Introduction

Colorectal cancer (CRC) is the second leading cause of cancer-associated mortality in the USA, also greatly threatening the global health1. Despite the diverse subtypes of CRCs, accumulative attention has been recently paid to colorectal signet ring cell carcinoma (SRCC), which was initially proposed by Saphir as well as Laufman in 19512. Stomach is considered to be the most common organ for primary SRCC, while colorectal SRCC is less frequent3. Colorectal SRCC is a very rare and special type of CRCs, accounting for only 0.3 to 4.6% of all types of CRCs4,5,6,7,8.
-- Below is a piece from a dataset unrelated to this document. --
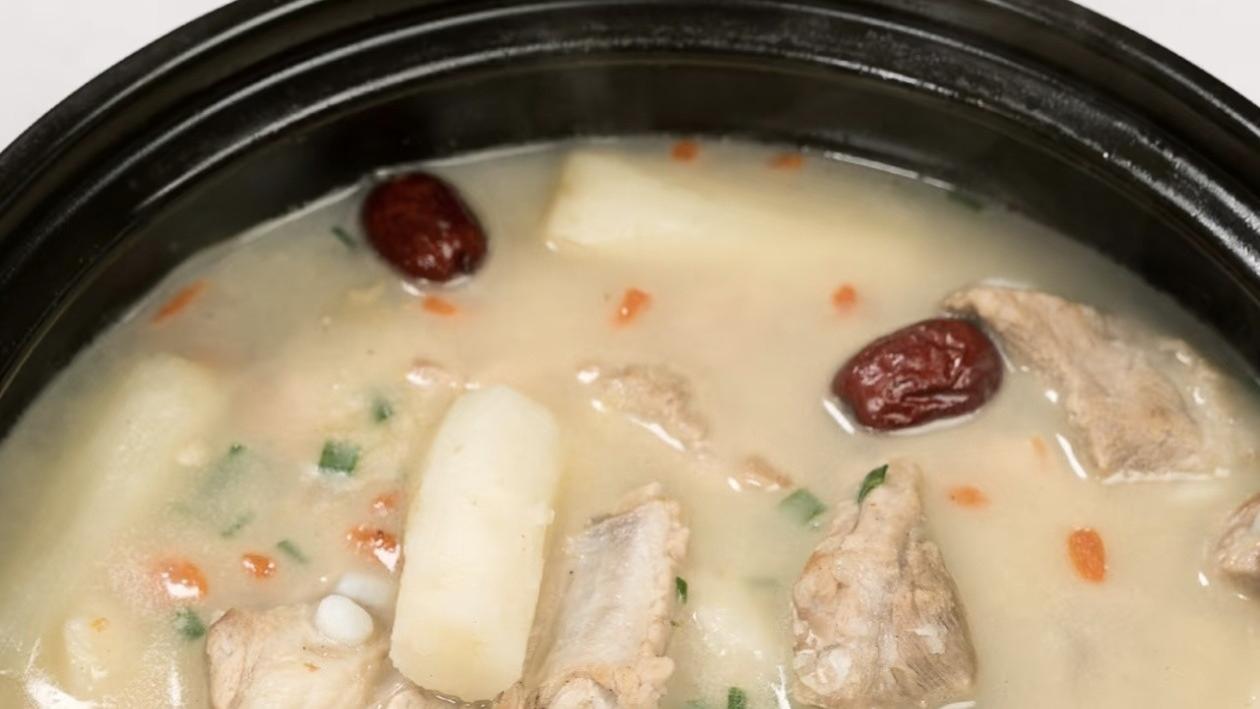 暖到骨子里的家常山药排骨汤，一口鲜掉眉毛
The prognostic factors of colorectal SRCC have intensively explored, mostly including clinicopathological features as well as therapeutic strategies9,10,11,12. However, the present attention has also been paid to social factors, which might be involved in disease progression13,14. Among them, marital status as an important social factor has attracted more and more attention. To be specific, marital status has been identified as an independent prognostic indicator in several types of malignancies, including colorectal cancer, pancreatic, breast, lung and prostate cancer, with superior survival in married population15,16,17,18,19. However, there is no study concerning the role of marital status on colorectal SRCC survival specially.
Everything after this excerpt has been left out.